Would like to ask if anybody has any opinions on this.
Let's say I'm DCA-ing IWDA (which I am) and the market dips. It is advisable to invest let's say 1 month worth when the price drops below a certain parameter (5-10% current average price) to lower your average price?
Nope. The point of DCA is to invest as your money comes in. If you're investing a bit out of each pay-check, you shouldn't really have a lump of extra "war-chest" cash sitting around.
Does it still make sense to continue with my POSB Invest Saver?
Oh yeah totally. It’s worth it as a cheap way to buy ES3. That said…
In terms of where I will retire, I am not sure yet, probably Australia(spouse is an Aussie) but i do not intend to give up my SG citizenship.
Retiring in Australia makes the investment decision easy, because there are really good Vanguard ETFs for Aussie stocks and bonds, and you can buy ‘em all through Interactive.
The key to the “where are you going to retire?” question is that it determines which currency you’re going to spend in your retirement. If that is AUD, then it makes sense to buy AUD assets.
I don't have faith in stocks or bonds. Only heavily weighted in precious metals mining stocks currently. It should be well positioned for subsequent fed actions unless we are falling into a deflationary environment.
Eeeeee. Gold and silver miners, boy that’s a mine-field (see what I did there).
I’m sure you know this well, but for anyone else: gold and silver miners have tended to dramatically underperform the price of the stuff they dig up, especially over the past few years.
I’d say that rather than being a moving average of the gold price, mining stocks are a call option on the gold price, struck at the cost of extraction.
Then you’ve got exposure to the miners’ hedging strategies, which tend to be abysmally bad! I learned from five years of sitting next to the gold desk that when gold prices are low, shareholders don’t want exposure to the gold price so miners will aggressively hedge; but when gold prices are high, shareholders
do want exposure to the gold price so miners will tend to under hedge. Effectively, gold miners sell low and buy high, which is… not a winning strategy.
To be frank, I dunno why are major central banks buying gold
It’s cargo-cultery and US dollar avoidance. Last I checked, the biggest central-bank buyers of gold have been gilt-edged names like… uh… Russia and Venezuela.
I’ve always been a bit cynical of central banks’ investing prowess. With the exception of the Fed and the RBA, most central banks and SWFs I dealt with are terrible traders - they buy high and sell low, they chase hot sectors, they invest like muppets.
Just ask Gordon Brown, who you may remember hit the bid for the BOE’s gold at multi-decade lows, or all the EM central banks who kept enthusiastically buying gold all the way from $2000 down to $1200.
It’s an ETF of high-grade SGD corporate bonds. Yields about 3% if memory serves.
The fed couldn't even raise rates if trump didn't cut taxes last year propping up stocks.
Er, they already did.
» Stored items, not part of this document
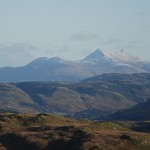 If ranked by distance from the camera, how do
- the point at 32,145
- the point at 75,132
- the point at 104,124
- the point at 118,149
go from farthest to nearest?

The Fed hiked four times before the TCJA was signed in Nov ’17: end-2015, end-2016, and March and June 2017. The TCJA was signed in November 2017, and the Fed hiked again in December, well before anyone would have seen any meaningful stimulus.
If stagflation comes back to haunt,
I disagree with this. Stagflation (high inflation and high unemployment at the same time) is basically done and dusted in most G10 economies. Pure demographics mean that economic growth is going to be slower in the future than it was in the past, and central banks have been much better about keeping a lid on inflation than they were in Nixon’s day (the occasional Donny Two Scoops tantrum aside). Paul Volcker changed the game for modern central banking, and everyone still generally works from his and Greenspan’s playbook.
stocks still provide a better alternative than fully in cash or bonds. Keep up the good informative work here
Now this I agree with.
Cash is a terrible investment. Bonds work well as a stabilizer. But over the long term, it’s hard to beat equities.
Hi all,
Considering the turmoil that is happening right now, I believe the market is a little messed up right now.
We’ve had one noisy down day but we’re still less than 5% from all-time highs. I wouldn’t start panicking right now - but I do like your view that this is an opportunity.
I am considering to invest into unit trusts that invest into these regions. Do you guys think it would be a good idea?
Hmmm… on the one hand I think you’re directionally right, but on the other hand I think you’ve probably been beaten to the punch. I haven’t checked, but I suspect the big bean producers in Brazil and Australia are already trading a lot higher. (And if the trade war gets resolved, you’re going to be the wrong way around…!)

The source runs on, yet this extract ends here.